Foreign criminals should be deported when they have served their sentences – this is effectively the government’s position, and one that remains popular with voters.


On the face of it, the policy seems entirely reasonable; why should the UK show clemency to people who arrive on these shores and commit crimes against our citizens? And in most cases, it is probably justifiable.

Dig beneath the surface, however, and you will quickly discover a number of examples that are not so straightforward.

In recent months a couple of cases have caught the attention of City workers and other Londoners. In south London a man called Hilary Ineomo-Marcus is facing deportation despite having lived in Britain for the majority of his life. He has a British wife, British children, and a number of other British relatives. Moreover, since being released from jail for tax-related offences he has earned widespread praise for helping other prisoners reform their lives.

Another case concerns Kweku Adoboli, the former rogue trader who cost UBS £1.8bn.


Adoboli was born in Ghana but spent many of his early years in the Middle East, before moving to the UK as a child in 1991. Once a City high-flyer, his financial career ended in scandal; he was convicted in 2012 and served time until 2015. Since then his lawyers say he has been trying to raise awareness of his experience, warning other young financial workers from making similar mistakes. Tonight, he is being held at a removal centre near Heathrow and could be deported to Ghana this week.

No special privileges should be granted to bankers, or former bankers, such as Adoboli.

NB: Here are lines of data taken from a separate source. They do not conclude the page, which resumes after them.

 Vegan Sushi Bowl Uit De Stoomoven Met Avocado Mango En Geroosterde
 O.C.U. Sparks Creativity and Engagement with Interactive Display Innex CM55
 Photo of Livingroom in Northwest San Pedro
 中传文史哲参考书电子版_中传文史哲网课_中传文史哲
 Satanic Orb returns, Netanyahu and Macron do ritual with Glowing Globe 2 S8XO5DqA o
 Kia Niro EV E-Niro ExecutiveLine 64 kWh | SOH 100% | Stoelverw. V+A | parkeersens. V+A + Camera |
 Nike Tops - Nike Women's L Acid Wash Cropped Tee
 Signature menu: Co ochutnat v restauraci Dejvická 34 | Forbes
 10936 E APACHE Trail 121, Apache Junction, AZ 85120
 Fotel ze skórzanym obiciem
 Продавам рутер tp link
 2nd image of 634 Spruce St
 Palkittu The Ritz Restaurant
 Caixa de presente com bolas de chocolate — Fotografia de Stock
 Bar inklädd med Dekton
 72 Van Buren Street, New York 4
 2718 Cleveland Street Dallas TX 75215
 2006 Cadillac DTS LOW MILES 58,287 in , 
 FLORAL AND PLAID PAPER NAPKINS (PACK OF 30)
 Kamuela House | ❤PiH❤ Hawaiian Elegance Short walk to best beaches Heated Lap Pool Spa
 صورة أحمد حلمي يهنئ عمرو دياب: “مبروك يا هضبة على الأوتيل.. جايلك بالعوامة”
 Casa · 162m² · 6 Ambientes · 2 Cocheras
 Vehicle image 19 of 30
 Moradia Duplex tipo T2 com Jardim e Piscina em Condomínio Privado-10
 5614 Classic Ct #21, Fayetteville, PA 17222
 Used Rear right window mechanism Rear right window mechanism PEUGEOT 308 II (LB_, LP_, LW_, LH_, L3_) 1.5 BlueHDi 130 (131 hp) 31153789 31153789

The UK proudly operates a rule of law under which everyone should be treated equally. However, both of the cases above bring current laws, and the approach of the Home Office, into question.

Current policy says all foreign nationals sentenced to 12 months or more must be deported. But where is the value, or the justice, in deporting men who have served their punishments, pose no further perceivable threat to society, and appear to be striving to right their wrongs?

It must be possible to develop a system that takes a strong line on dangerous foreign criminals, yet isn’t so blunt as to deport reformed wrongdoers with decades-long links to the UK and the ability to contribute to our economy and society as a whole.

The planned deportation of Adoboli and similar ex-offenders looks not only draconian, but ultimately self-defeating.